By Lisa

On Friday evening, we were on our way for tacos, when all hell broke loose in the car. It was 5:30 pm. My 7-year-old son had just finished an intense 90-minute soccer practice. During this time his sister had been kicking the ball around with a few teammates. It was the end of another 90 degree day. Both kids were hot, sweaty, and my son’s knees were black from turf dirt.  They were hungry.  They were tired.   It was no surprise what happened next: yelling, fighting, tears, complete and utter irrationality.

Normally, this is not the state in which I take kids out to eat. In fact, taking tired, hungry, cranky kids out goes against everything I’ve ever written here about kids and restaurants, summed up here.

But let me back up. The kids are growing like weeds. These days Finn reminds me of a baby giraffe. He’s all lanky arms and spiking legs and careens around on his bike, or skates, or on the field in a headlong way, as if shot from a catapult, always on the verge of falling.  Ella is an athlete.  She spends long, intense hours at the soccer field and in the pool.  To see her in her soccer gear or swimsuit is to see a girl totally at home in her body and its strength. It’s awesome, and we tell her this every day.   It’s become clear to her father and me that her body craves this kind of  physical outlet just as much as her mind craves the novels she schemes to stay up too late reading. Even Finn, whose sports are less serious will gear up  for roller hockey and skate in the car port on days we’re at home.  All this means one thing:  they need more food.  A lot more food.  A few weeks ago we made the direct link between between the kids’ moods and their blood sugar levels.

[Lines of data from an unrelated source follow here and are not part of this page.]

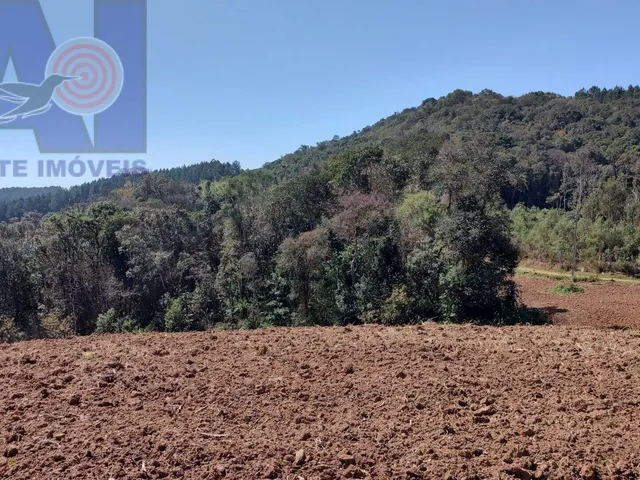 Imagem 2: Área à venda em Bateias de Baixo - Campo Alegre/SC, Rural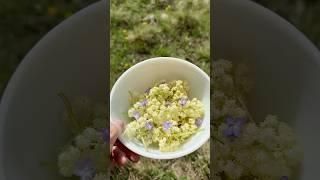 How to forage wildflowers and make tea with them!?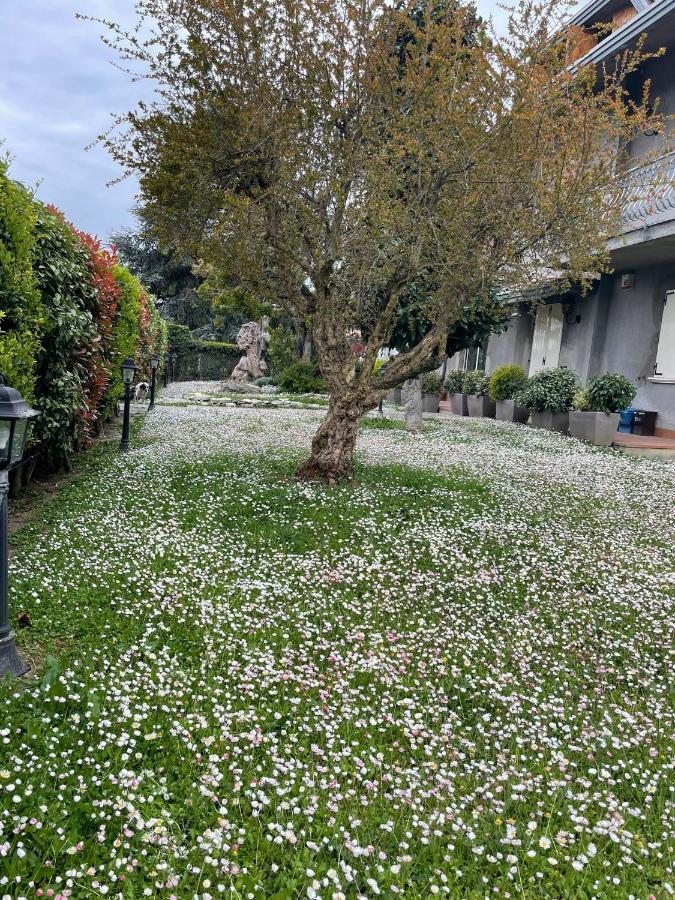 Magnolia Savignano sul Rubicone Exterior foto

There are distinct danger times: right after school, right before lunch, right before dinner.   Snacks have become urgent, no-compromise affairs.  I’ve been tempted to show up at school with those little glucose packs cyclists carry.  Instead, I’ve become an efficiency expert, whipping up smoothies with milk and fresh fruit or peanut butter, slicing cheese, cutting fruit, freezing yogurt, rolling salami, pouring milk, handing over crackers, defrosting edamame, portioning nuts. Protein has become essential for both of  them, pre- and post- practice, and calcium is especially important for Ella in these pre-adolescent years–as it is for all girl athletes.

So that night on the way to tacos (or not) I had two choices: take them home and find something to cook, or soldier on and hope for the best.  The first option was not so appealing to any of us. My kitchen was clean.  I had nothing prepped. We love tacos. What they needed was food. Fast. So against my better instincts, I drove straight past our house and up the hill to the taqueria, all the while scheming about what healthy, sustaining thing I could get into them fast.  Because it was hot, and perhaps because the taste of fresh lime and seafood is still lingering from our San Diego extravaganza, my food brain conjured one word :  ceviche.

Before we entered, tears were dry, kids were calm, and they had been read the riot act in my scariest mom voice.

Inside, they commandeered the table where they could watch the MLS game (another benefit of taco night out). I stood in line. ordered for all of us, and asked for the ceviche to be brought right away.  I had no reason to think they would love it.  But I also had no reason to think they wouldn’t.  It was cool and fresh and full of  citrus and tender white fish.  I knew it wouldn’t completely stuff them before their dinners, and I knew it would complement whatever they ended up ordering.   I also told them they had no choice in the matter, and so two minutes later, while we waited for carne asada, and tacos al pastor, and a quesadilla, the kids confronted a gorgeous pile of white fish ceviche with fresh avocado and a mountain of fresh chips.  Finn dug in first, and then there was no turning back. Not for him, not for Ella, and not for the mood of the night.   As quick as they could load a chip, the mood of the night turned.  They polished off the ceviche until only scraps of fish were left.  Dinner came and they didn’t stop eating.  We went home happy and ate ice cream.

The lesson here?  Food is fuel.    If you’re lucky, sometimes it’s more.